### EXERCISE DETAILS
Lines from the beginning of the data through the line containing "Buy 🌟 Assorted" are to be copied exactly, with no other line included.

Stored records:
################

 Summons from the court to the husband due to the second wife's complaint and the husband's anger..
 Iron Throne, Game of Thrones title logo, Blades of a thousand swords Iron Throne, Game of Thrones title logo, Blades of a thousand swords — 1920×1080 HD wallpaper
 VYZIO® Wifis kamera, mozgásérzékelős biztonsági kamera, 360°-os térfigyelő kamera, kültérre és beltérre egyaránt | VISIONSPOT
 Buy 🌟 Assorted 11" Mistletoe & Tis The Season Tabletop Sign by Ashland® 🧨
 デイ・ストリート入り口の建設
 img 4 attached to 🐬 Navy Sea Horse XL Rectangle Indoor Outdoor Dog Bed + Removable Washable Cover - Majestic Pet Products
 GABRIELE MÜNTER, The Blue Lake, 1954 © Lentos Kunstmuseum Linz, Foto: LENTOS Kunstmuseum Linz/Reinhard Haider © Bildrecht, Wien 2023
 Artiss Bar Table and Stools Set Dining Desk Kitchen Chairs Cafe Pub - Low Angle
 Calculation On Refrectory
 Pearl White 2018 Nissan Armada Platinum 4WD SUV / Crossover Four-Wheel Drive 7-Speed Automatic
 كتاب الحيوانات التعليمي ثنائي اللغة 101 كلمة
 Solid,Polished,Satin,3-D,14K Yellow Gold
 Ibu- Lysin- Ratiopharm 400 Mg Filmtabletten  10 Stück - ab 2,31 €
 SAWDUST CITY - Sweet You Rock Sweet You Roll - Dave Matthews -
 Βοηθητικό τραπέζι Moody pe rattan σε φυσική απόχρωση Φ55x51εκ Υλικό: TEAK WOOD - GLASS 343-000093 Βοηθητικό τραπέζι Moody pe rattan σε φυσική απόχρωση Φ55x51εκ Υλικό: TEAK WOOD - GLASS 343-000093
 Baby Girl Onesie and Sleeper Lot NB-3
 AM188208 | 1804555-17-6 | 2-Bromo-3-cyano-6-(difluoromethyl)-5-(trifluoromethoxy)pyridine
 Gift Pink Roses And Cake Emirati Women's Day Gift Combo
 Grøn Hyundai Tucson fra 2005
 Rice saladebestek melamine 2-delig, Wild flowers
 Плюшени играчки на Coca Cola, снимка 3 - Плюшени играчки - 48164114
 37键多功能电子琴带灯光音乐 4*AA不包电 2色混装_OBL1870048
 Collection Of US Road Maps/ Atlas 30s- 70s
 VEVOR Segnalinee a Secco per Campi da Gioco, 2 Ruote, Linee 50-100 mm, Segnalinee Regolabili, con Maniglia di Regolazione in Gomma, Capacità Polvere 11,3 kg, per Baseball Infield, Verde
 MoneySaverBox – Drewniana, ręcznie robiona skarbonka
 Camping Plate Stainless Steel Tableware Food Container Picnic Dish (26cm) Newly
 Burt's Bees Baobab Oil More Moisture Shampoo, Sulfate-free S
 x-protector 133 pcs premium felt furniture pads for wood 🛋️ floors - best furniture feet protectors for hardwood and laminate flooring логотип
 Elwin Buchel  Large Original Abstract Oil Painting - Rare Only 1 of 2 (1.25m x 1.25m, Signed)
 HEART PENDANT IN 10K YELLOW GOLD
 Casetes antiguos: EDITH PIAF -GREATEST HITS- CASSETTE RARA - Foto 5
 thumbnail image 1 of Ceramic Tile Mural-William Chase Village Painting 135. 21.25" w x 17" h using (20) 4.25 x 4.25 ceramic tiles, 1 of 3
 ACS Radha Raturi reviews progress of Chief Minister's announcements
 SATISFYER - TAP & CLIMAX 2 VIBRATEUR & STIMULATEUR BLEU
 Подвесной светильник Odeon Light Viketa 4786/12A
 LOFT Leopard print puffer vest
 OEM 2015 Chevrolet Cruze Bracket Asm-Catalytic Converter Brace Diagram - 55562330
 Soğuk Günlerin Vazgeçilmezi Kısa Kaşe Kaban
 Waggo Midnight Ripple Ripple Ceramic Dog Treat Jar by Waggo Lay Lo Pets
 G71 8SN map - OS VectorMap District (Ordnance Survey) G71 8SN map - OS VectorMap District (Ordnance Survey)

################

### ANSWER BELOW
 Summons from the court to the husband due to the second wife's complaint and the husband's anger..
 Iron Throne, Game of Thrones title logo, Blades of a thousand swords Iron Throne, Game of Thrones title logo, Blades of a thousand swords — 1920×1080 HD wallpaper
 VYZIO® Wifis kamera, mozgásérzékelős biztonsági kamera, 360°-os térfigyelő kamera, kültérre és beltérre egyaránt | VISIONSPOT
 Buy 🌟 Assorted 11" Mistletoe & Tis The Season Tabletop Sign by Ashland® 🧨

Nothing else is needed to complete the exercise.